Os problemas ficaram invisíveis pois foram diluídos em uma infinidade de peças espalhadas por todo o mundo. As narrativas sobre a história, os mecanismos de funcionamento da sociedade, as relações de poder, os micros relacionamentos sociais, etc. estão tão complexas e rebuscadas que dificultam toda e qualquer discussão em formas simples.
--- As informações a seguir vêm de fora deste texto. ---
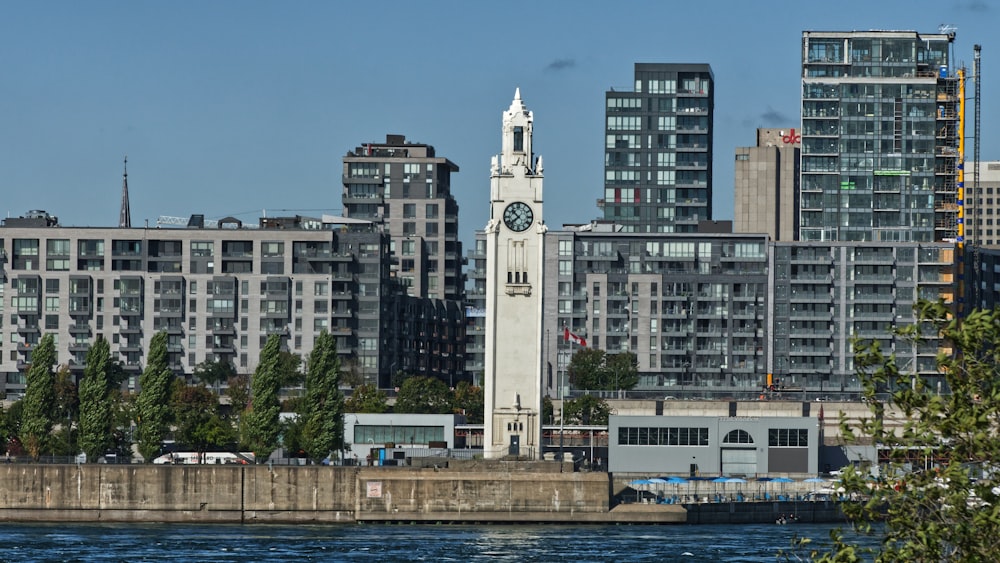 white tower clock beside body of water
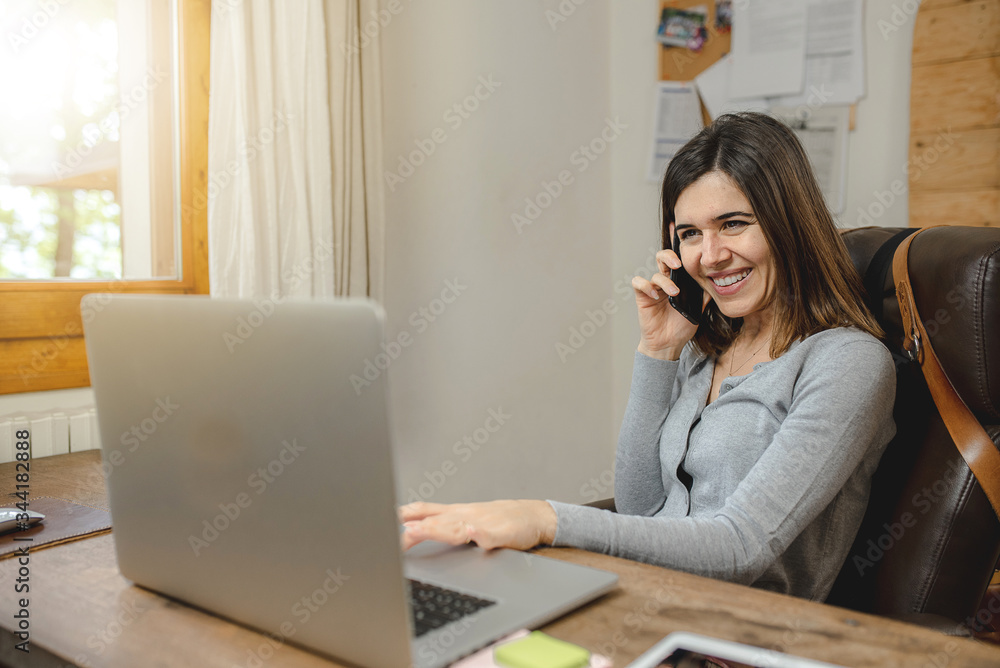 young woman working on laptop and smiling during a phone call. Workplace with wooden desk. young woman working on laptop and smiling during a phone call. Workplace with wooden desk.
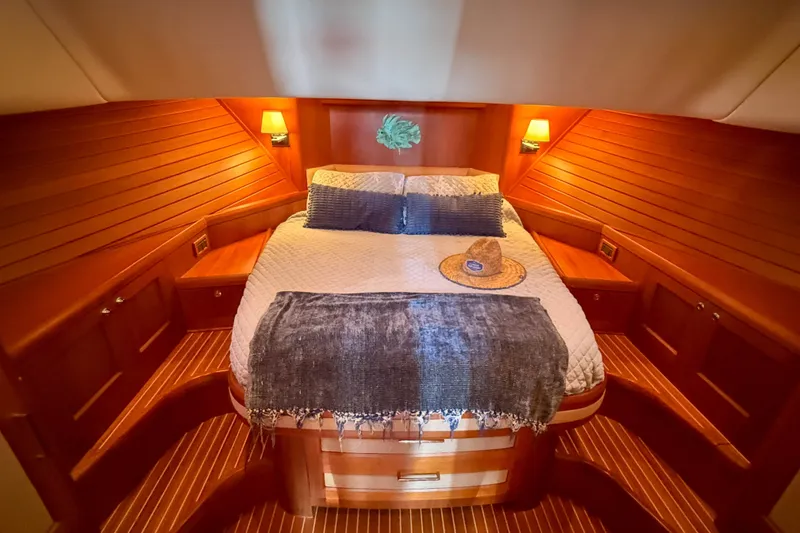 Slide: The Image of Luxurious cabin interior of 2008 Grand Banks 45 Eastbay SX yacht with cozy bed and warm lighting. - 31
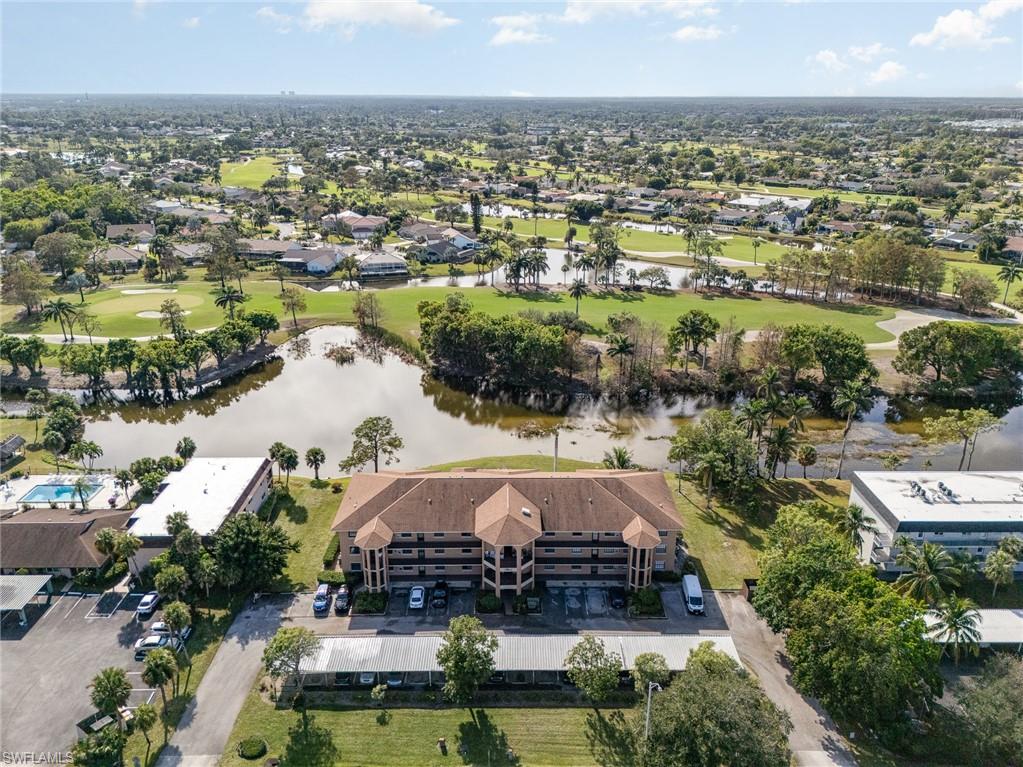 5535 Rattlesnake Hammock Road, Unit 103 Naples, FL 34113 - Photo 21 of 25 Birds eye view of property with a water view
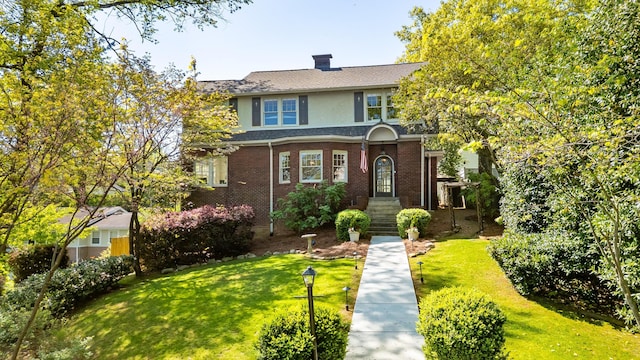traditional home featuring a front lawn, brick siding, roof with shingles, and a chimney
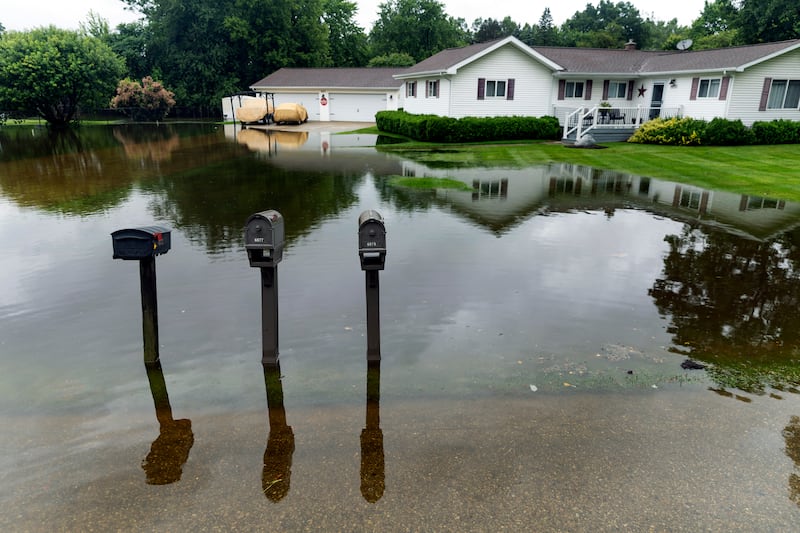 Roads and homes were flooded (Jake May/The Flint Journal via AP)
É necessário romper a porta dos excessos de informações e comunicações, falsas ou verdadeiras, mas quase sempre misturadas, para se entender o que existe de fato. Todos fomos afastados das discussões sobre a nossa própria realidade e isso está causando um grande mal-estar social. Tomo por exemplo, entre tantos que poderia abordar, a polarização entre o chamado bolsonarismo e o petismo que, com raras exceções de alguns temas, é uma polarização que mais obscurece do que esclarece os nossos problemas reais.
Não se trata de esquecer coisas como o roubo das joias, mas colocar isso no devido lugar, ou seja, numa delegacia de polícia e exigir celeridade do delegado em apurar o caso e mandar prender os criminosos, sem atrapalhar as discussões sobre os grandes temas necessários ao país.
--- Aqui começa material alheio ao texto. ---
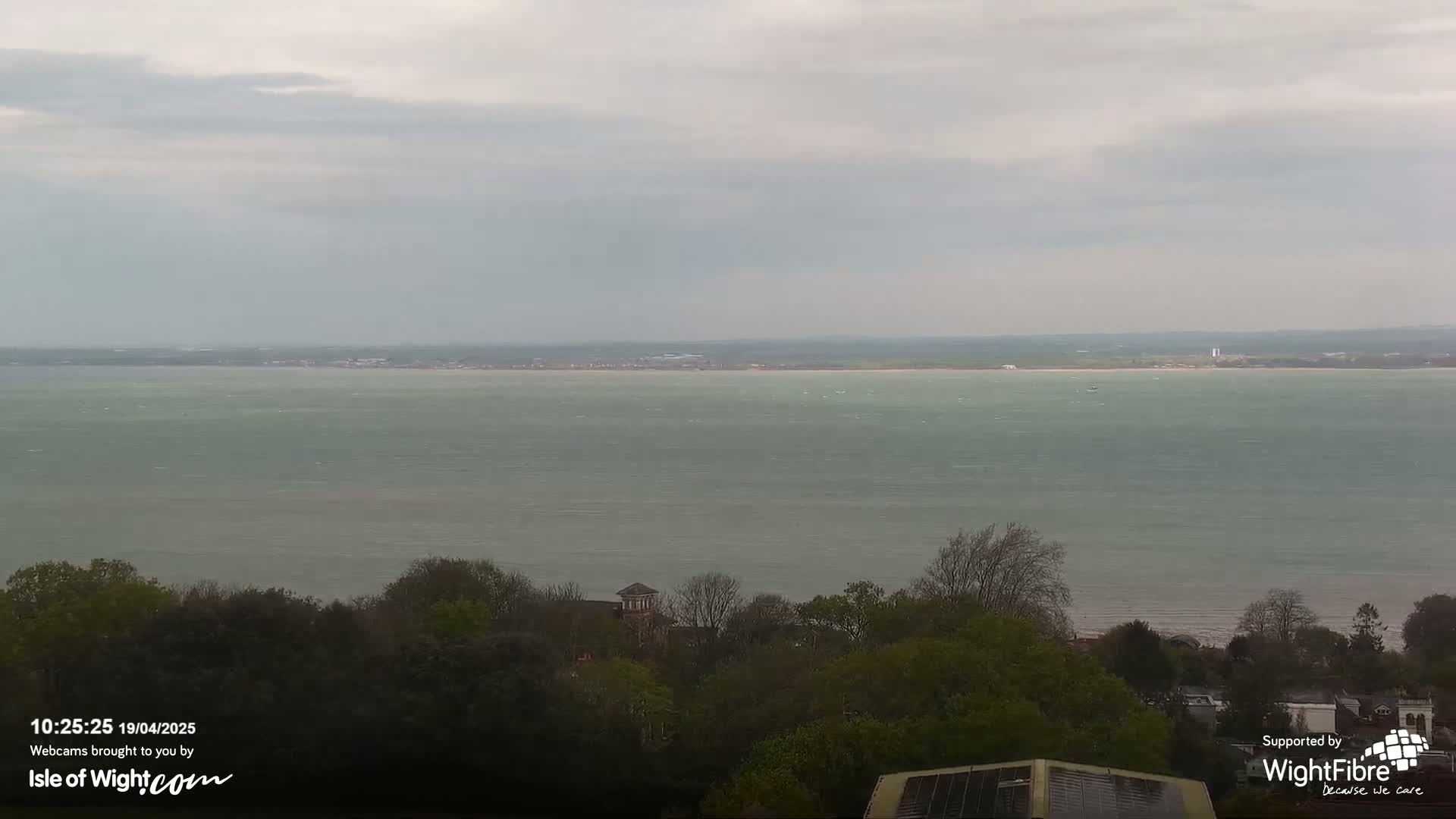 A large body of water stretches to the horizon under an overcast sky, with green trees and buildings visible in the foreground.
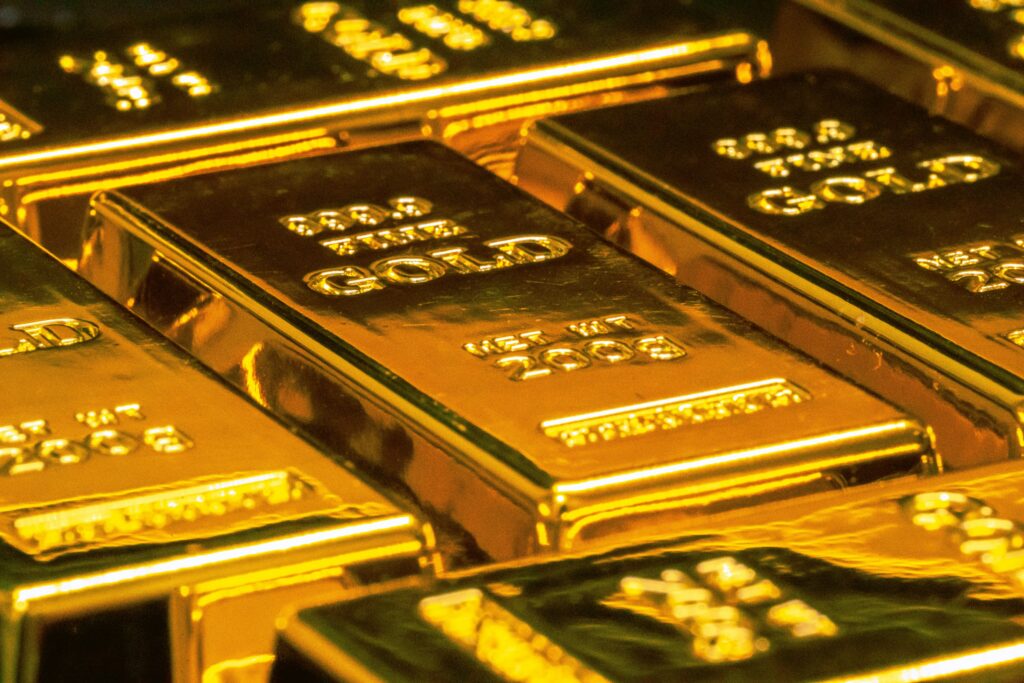 Stacks of shiny gold bars symbolizing business investment and financial assets in 2025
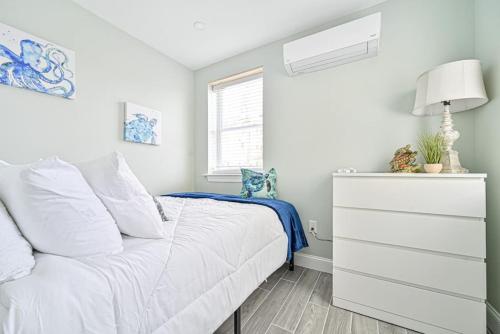 a bedroom with a white bed and a dresser at 318 E Youngs Ave Unit 1 Seaside Serenity Salty Shore Retreat in Wildwood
E esses temas não são nada misteriosos nem de restrito ou especializado conhecimento. Estão sendo propositadamente escondidos por meio de uma certa cumplicidade entre o poder econômico e as instituições de poder público.
O caso dos trabalhadores escravizados nas vinícolas em Rio Grande do Sul é a ponta de um iceberg nas relações de trabalho que é um dos maiores, senão o maior mesmo, problema do nosso país.
Mas dizer essa verdade é meio antiquado. Teimo em perguntar: é possível uma democracia onde ainda existem trabalhadores escravizados? Alguém se deu conta que esses escravos modernos votam? É possível falar em representação política adequada ou em reforma fiscal justa nestas condições?
É possível encontrar uma solução consistente para os problemas referentes a opressão de mulheres, de negros, e outros segmentos sociais, onde ainda estamos convivendo com relações de escravidão? Discutir tudo isso é importante, mas precisamos nos concentrar nos problemas fundamentais.
Resolver de forma clara, segura e profunda as desigualdades e dissimetrias jurídicas, econômicas e culturais nas relações de trabalho em nosso país é a chave para solução de muitos outros problemas que enfrentamos.
Precisamos ir além da simples revogação da contrarreforma trabalhista feita pelos fascistas, mas será que vamos conseguir pelo menos isso?